# What needs to be done:
Leave out the pictures and retype, exactly, the lines below from the line with "2_Minka Trescott 14" up to and including the line with "nel segno di", nothing more.

# Information supplied:

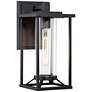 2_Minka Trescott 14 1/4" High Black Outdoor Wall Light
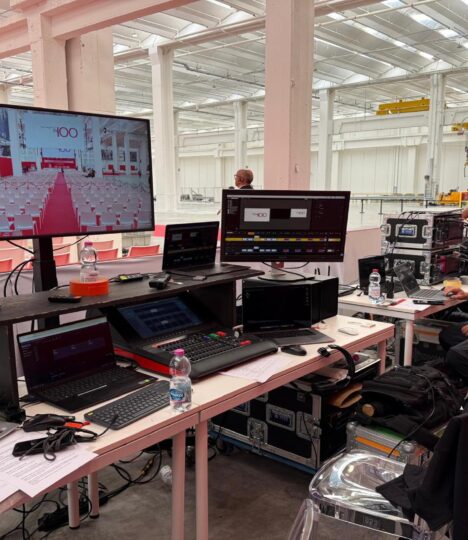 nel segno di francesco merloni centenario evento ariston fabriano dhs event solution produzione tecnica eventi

==

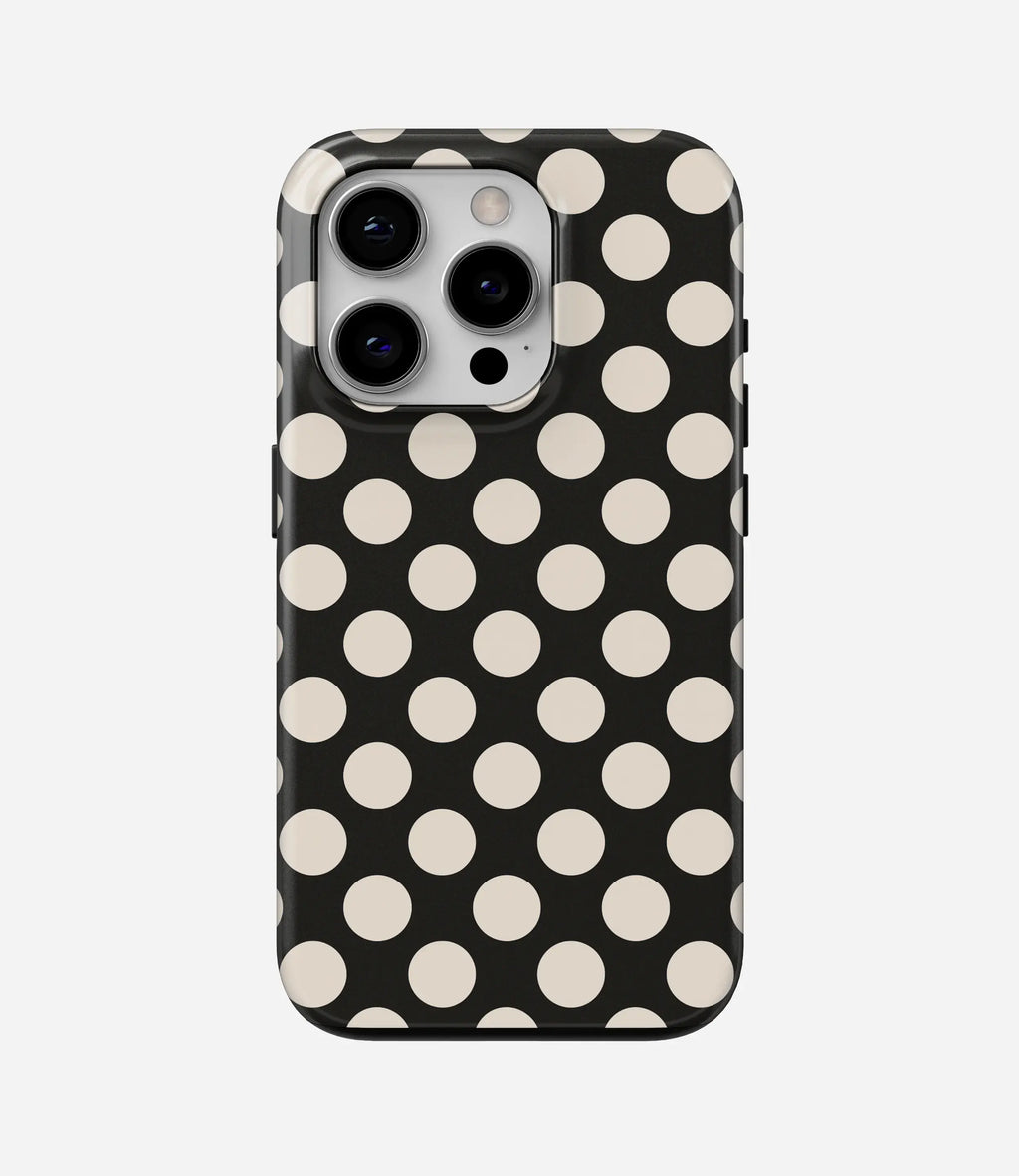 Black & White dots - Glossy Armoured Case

--

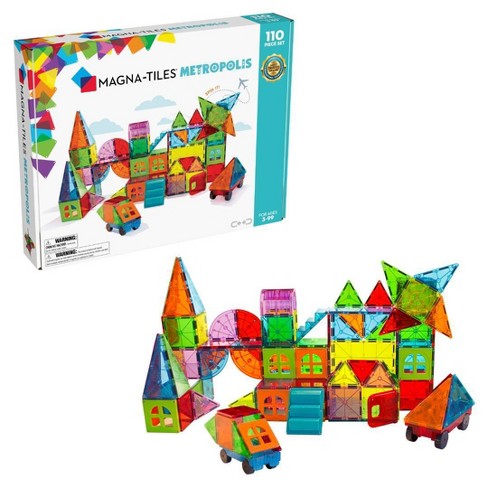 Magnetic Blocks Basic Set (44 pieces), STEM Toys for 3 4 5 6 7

# Output of the task:
 2_Minka Trescott 14 1/4" High Black Outdoor Wall Light
 nel segno di francesco merloni centenario evento ariston fabriano dhs event solution produzione tecnica eventi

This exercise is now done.